Arc Capital & Income today announced a capital protected bricks and mortar fund based on the Halifax House Price Index (HPI).
The fund will produce a profit even if the index falls by 30% from the start of the plan, with no cap on upward growth.
The plan has a six year term starting from 29 August 2008, and performance is measured with reference to 70% of the HPI at the start of the plan.
Furthermore, if the index rises, then growth will equal the rise in the HPI plus 30%, with no cap on returns.
If the index does fall below 70% of its initial value, then no growth will be paid but capital will be returned in full.
Christopher Powell, head of product development at Arc, says: “Clearly the short term view of the residential market is quite gloomy and it is predicted that it might go down by some 15% or so during the coming twelve months.

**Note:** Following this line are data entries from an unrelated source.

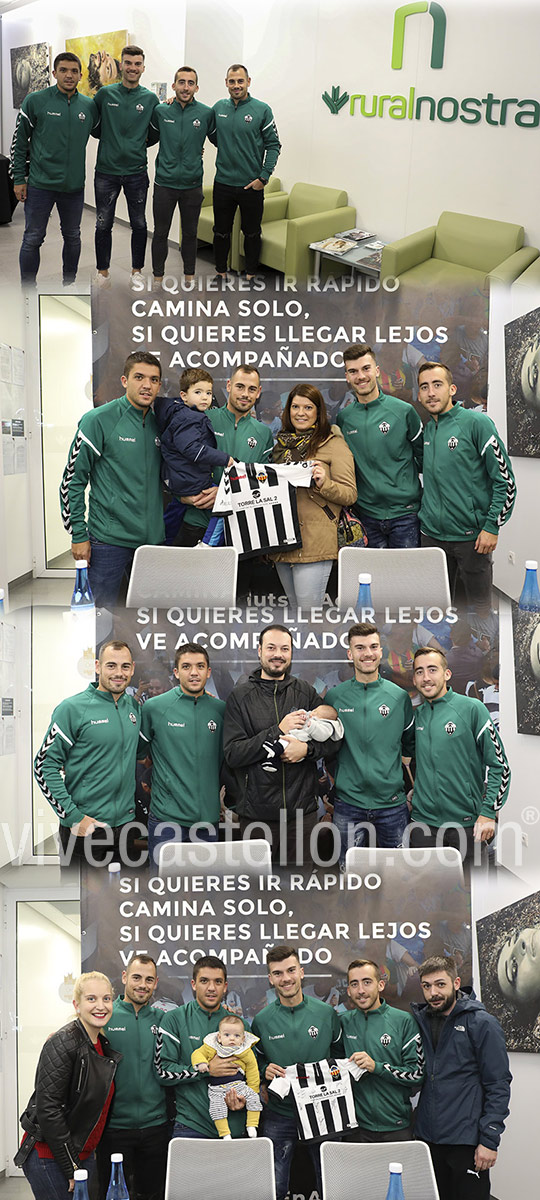 César, Carles, Calavera y Rubén Díez firmando autógrafos en Ruralnostra César, Carles, Calavera y Rubén Díez firmando autógrafos en Ruralnostra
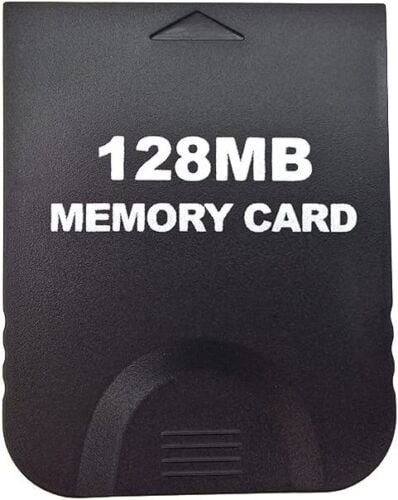 Gamecube NGC Memory Card (Retro Fam)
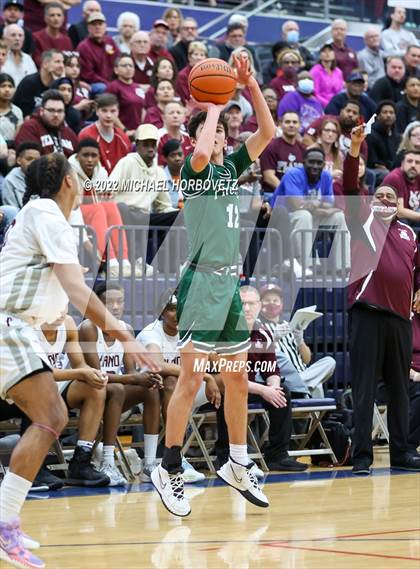 Thumbnail 1 in Plano vs. Prosper (UIL 6A Bi-District) photogallery.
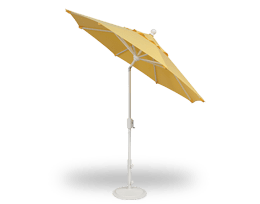 7.5’ Push Button Tilt Patio Umbrella - Great Backyard Place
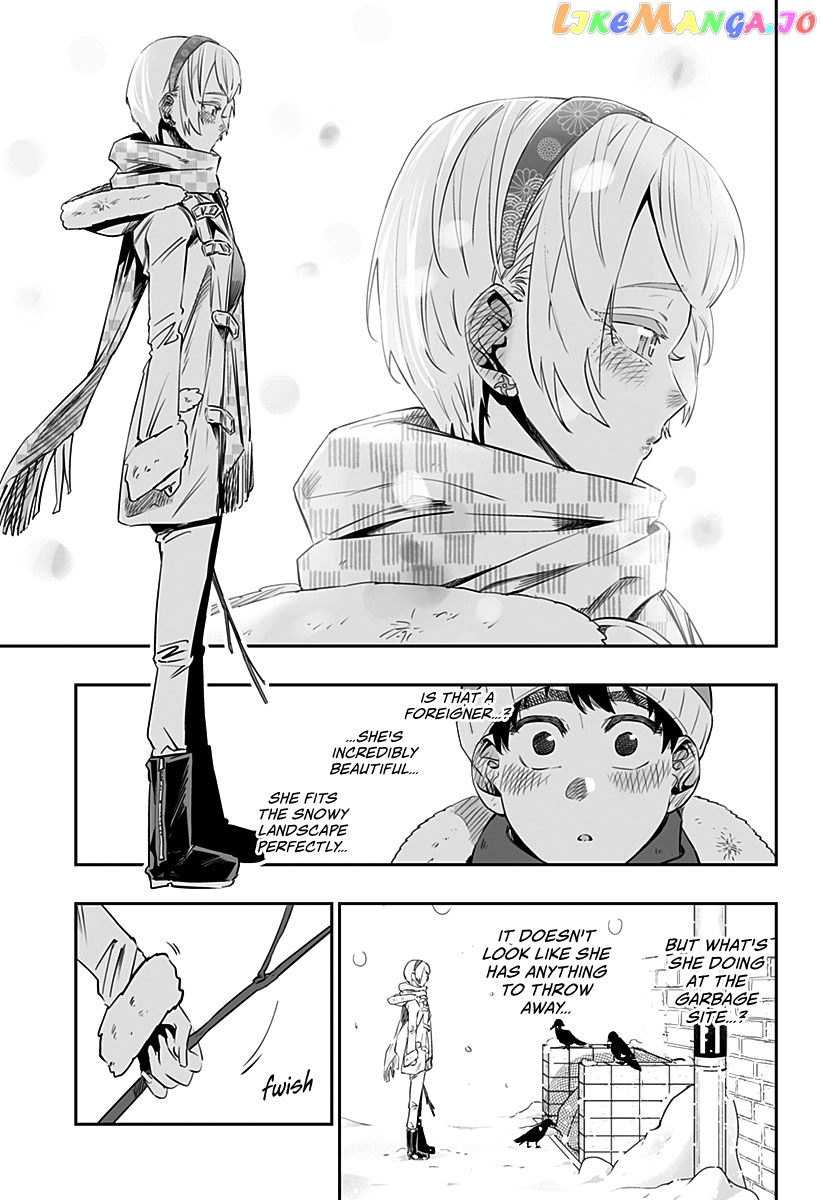 Dosanko Gyaru Is Mega Cute chapter 16 - page 4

“But once the lenders have refinanced, we believe that the mortgage market will become more ‘friendly’ to borrowers. In addition, there is clearly a strong underlying demand for residential property, which is not being fulfilled, and it therefore seems likely that this will fuel property prices once funds become more readily available.”
The fund is available for direct investment, ISAs and SIPPs, and to individuals, companies, pension funds and charities.
Minimum investment is £3,600, with a maximum of £2m, and the plan will pay interest at 4% from receipt of funds until the beginning of the plan. IFAs receive 3% commission.